Aim of the task:
Copy out the entries that follow exactly, leaving out the pictures.

[Start of Attachment]

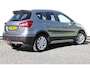 Suzuki S-Cross 1.4 Boosterjet Select Automaat, Trekhaak, Dealeronderhouden, Apple Carplay/Android Auto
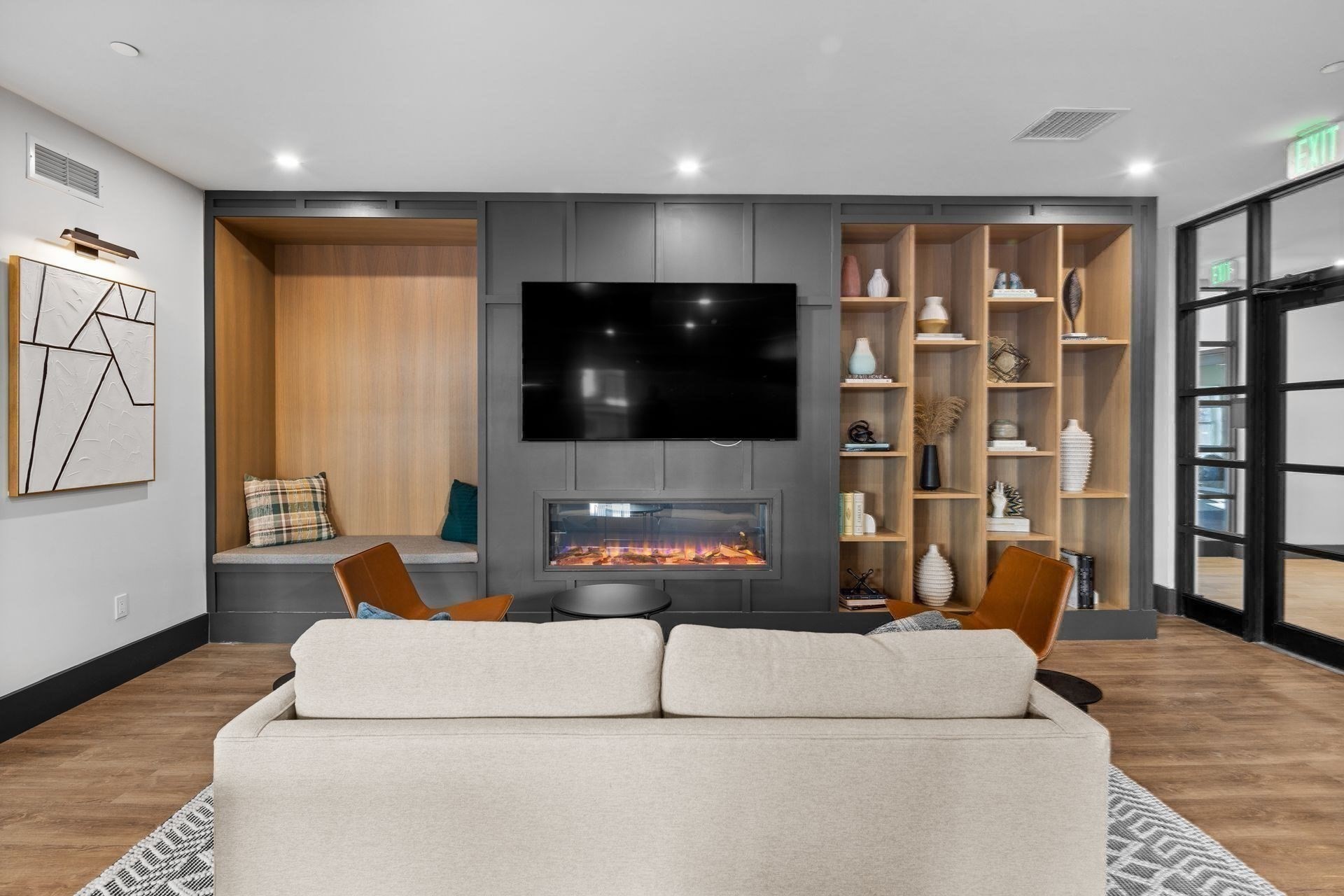 635 Main St. Unit 112, Wilmington, MA 01887 - Image 13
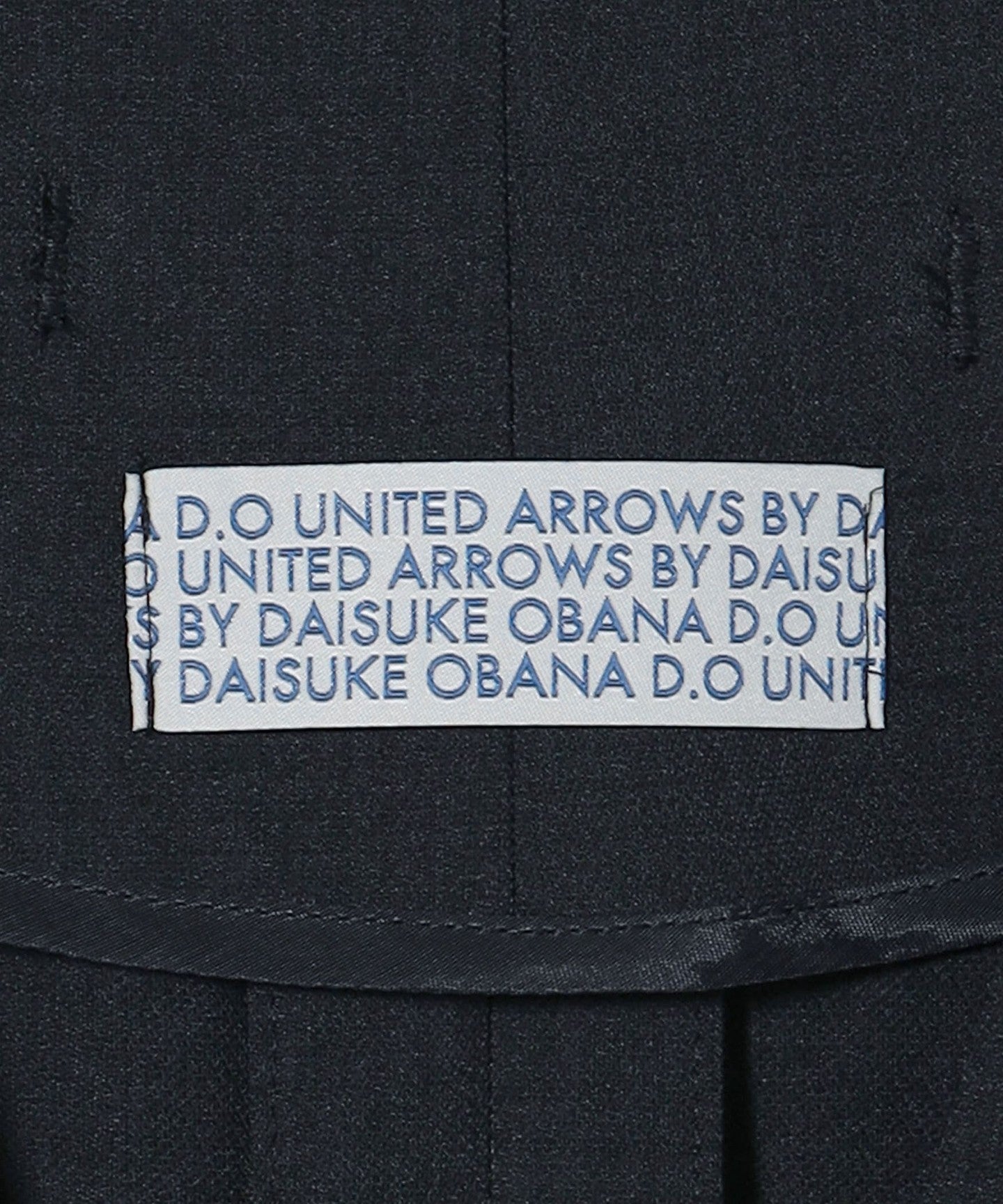 55252990885-d33.jpg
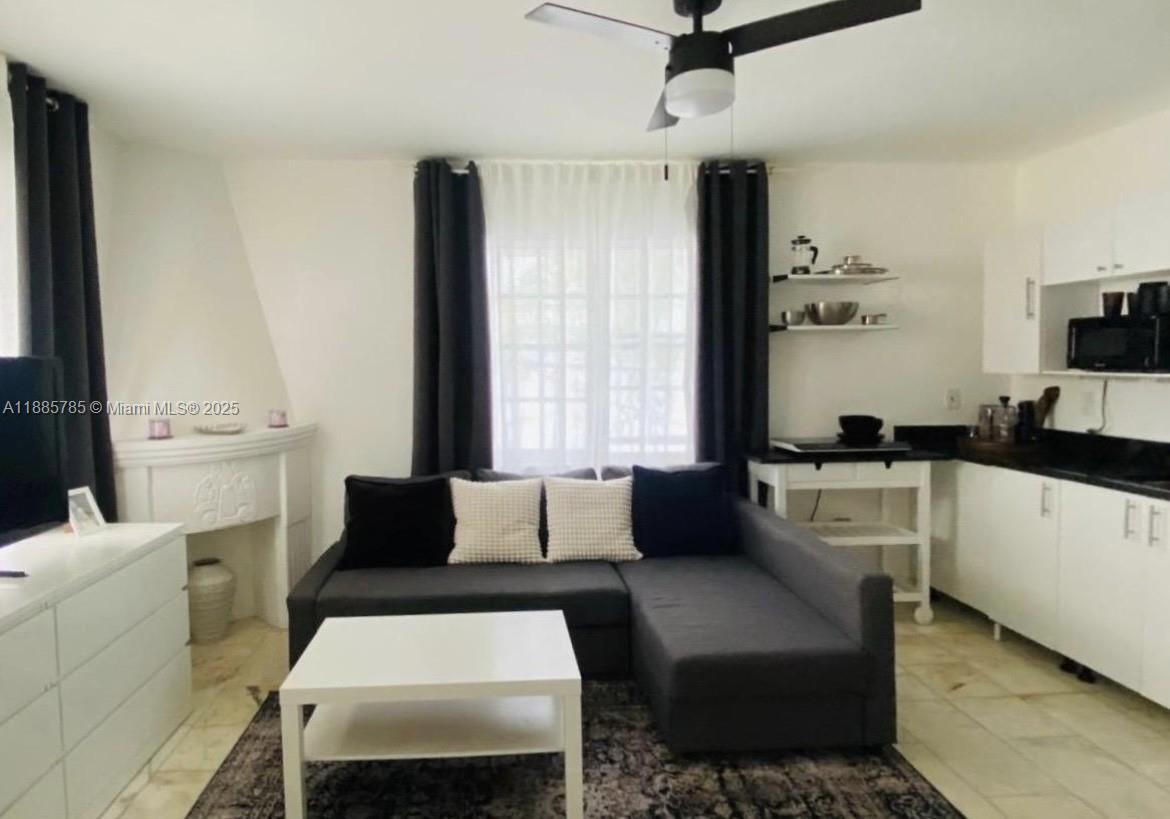 FIRST ON PENN CONDO - Residential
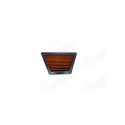 Sprint Filter P08 Sprint Filter Filtro de Aire BMW R18
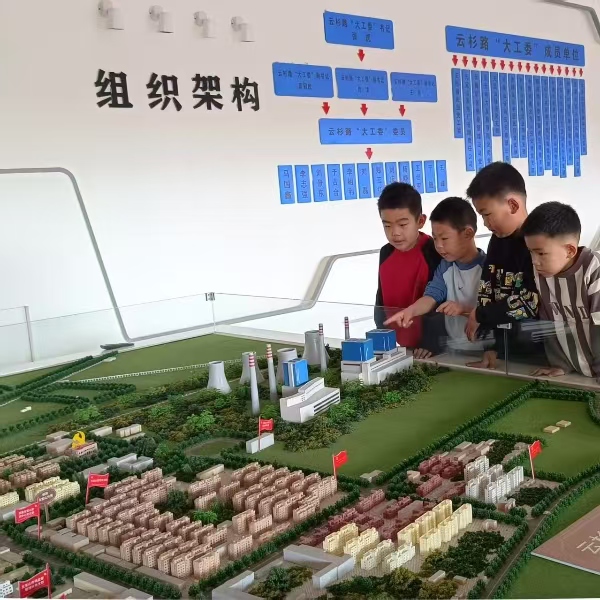 元寶山區元寶山小學關工委寒假勞動實踐活動照片2.jpg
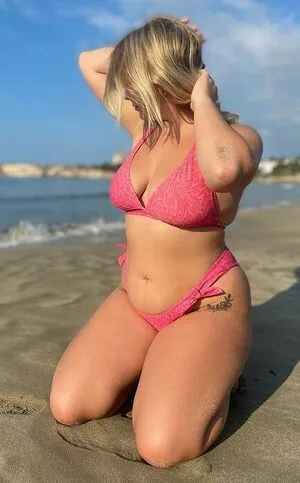 Casey Croftx OnlyFans Leaked Free Thumbnail Picture - #MB1MtXxNHE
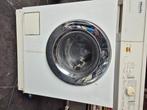 Gratis kapotte miele wasmachine, Witgoed en Apparatuur, Wasmachines, Ophalen of Verzenden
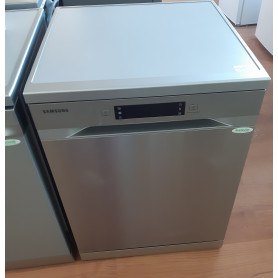 Lave Vaisselle SAMSUNG DW60M6050FS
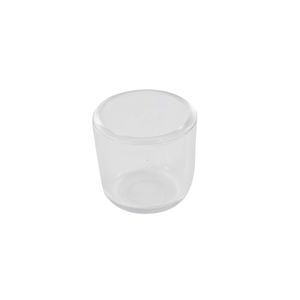Malpassi Replacement Bowl For Filter King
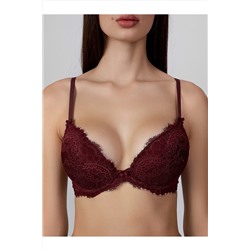 Бюстгальтер MARK FORMELLE, 1193029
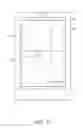 Fig. 10 - ELECTRONIC APPARATUS, SYSTEM, METHOD, PROGRAM, AND RECORDING MEDIUM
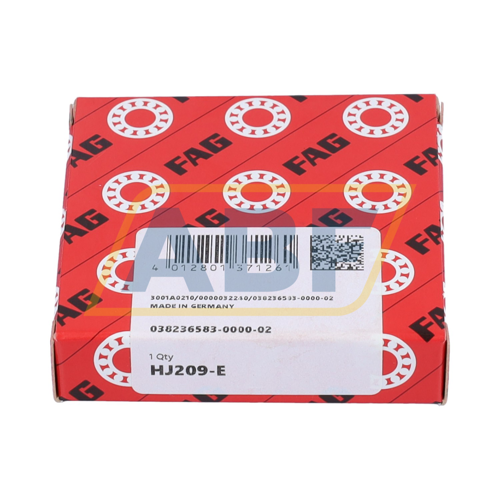 HJ209-E FAG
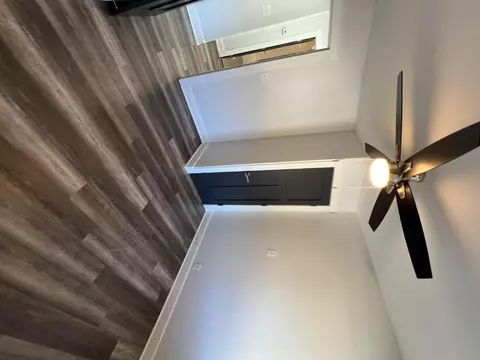 9309 Juniper Ave, Gary, IN 46403 photo 37
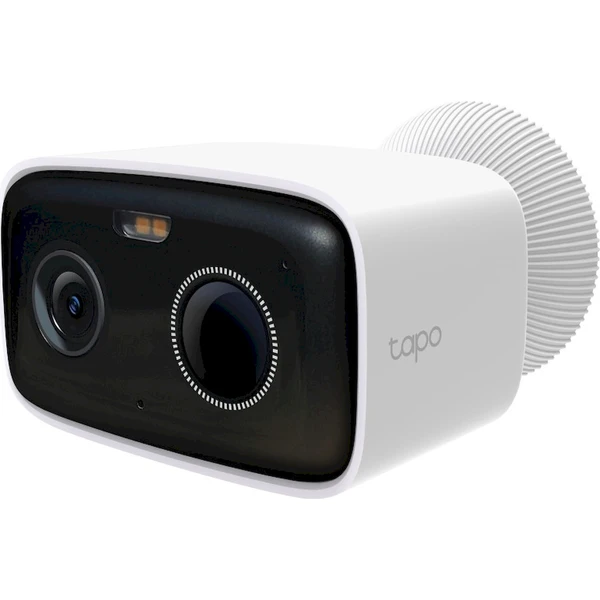 TP-Link TC80 IP kamera bílá Bílá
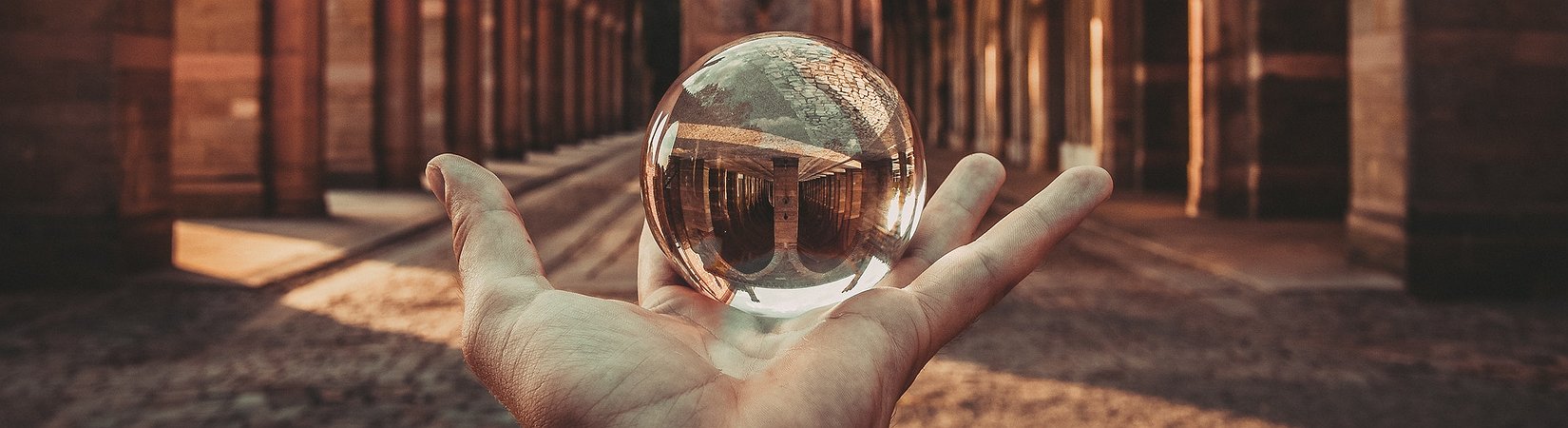 Todo lo que necesita saber sobre la previsión de los precios de las criptomonedas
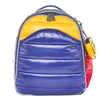 Jeune Premier Backpack Ralphie Puffer Pop Çocuk Sırt Çantası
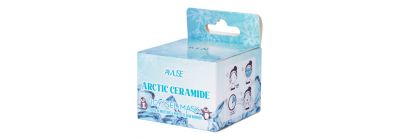Gel hidratante refrescante
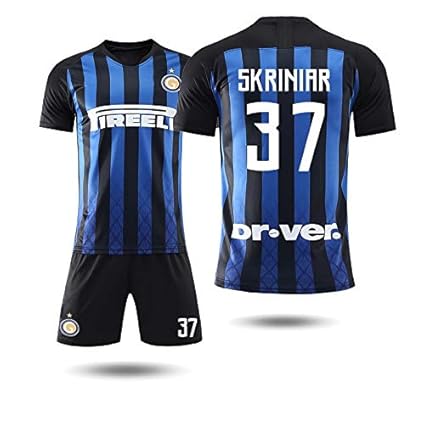 tuta inter 2016 prezzo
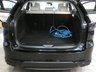 USED 2023 73 MAZDA CX-60 2.5 e-SKYACTIV 17.8kWh Takumi SUV 5dr Petrol Plug-in Hybrid Auto 4WD Euro 6 (327 ps) TOP OF THE RANGE TAKUMI SPEC WITH CONVENIENCE PACK PANORAMIC SUNROOF SAT NAV LEATHER CAMERA CRUISE PARK SEN 1 OWNER SERVICE HISTORY MAZDA WARRANTY TILL OCT 2026
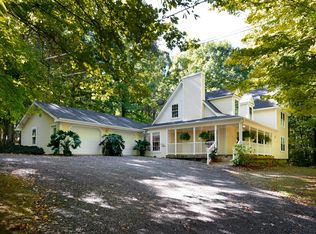 634 Murrell Rd, Dickson, TN 37055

[End of Attachment]

Expected answer:
 Suzuki S-Cross 1.4 Boosterjet Select Automaat, Trekhaak, Dealeronderhouden, Apple Carplay/Android Auto
 635 Main St. Unit 112, Wilmington, MA 01887 - Image 13
 55252990885-d33.jpg
 FIRST ON PENN CONDO - Residential
 Sprint Filter P08 Sprint Filter Filtro de Aire BMW R18
 元寶山區元寶山小學關工委寒假勞動實踐活動照片2.jpg
 Casey Croftx OnlyFans Leaked Free Thumbnail Picture - #MB1MtXxNHE
 Gratis kapotte miele wasmachine, Witgoed en Apparatuur, Wasmachines, Ophalen of Verzenden
 Lave Vaisselle SAMSUNG DW60M6050FS
Malpassi Replacement Bowl For Filter King
 Бюстгальтер MARK FORMELLE, 1193029
 Fig. 10 - ELECTRONIC APPARATUS, SYSTEM, METHOD, PROGRAM, AND RECORDING MEDIUM
 HJ209-E FAG
 9309 Juniper Ave, Gary, IN 46403 photo 37
 TP-Link TC80 IP kamera bílá Bílá
 Todo lo que necesita saber sobre la previsión de los precios de las criptomonedas
 Jeune Premier Backpack Ralphie Puffer Pop Çocuk Sırt Çantası
Gel hidratante refrescante
 tuta inter 2016 prezzo
 USED 2023 73 MAZDA CX-60 2.5 e-SKYACTIV 17.8kWh Takumi SUV 5dr Petrol Plug-in Hybrid Auto 4WD Euro 6 (327 ps) TOP OF THE RANGE TAKUMI SPEC WITH CONVENIENCE PACK PANORAMIC SUNROOF SAT NAV LEATHER CAMERA CRUISE PARK SEN 1 OWNER SERVICE HISTORY MAZDA WARRANTY TILL OCT 2026
 634 Murrell Rd, Dickson, TN 37055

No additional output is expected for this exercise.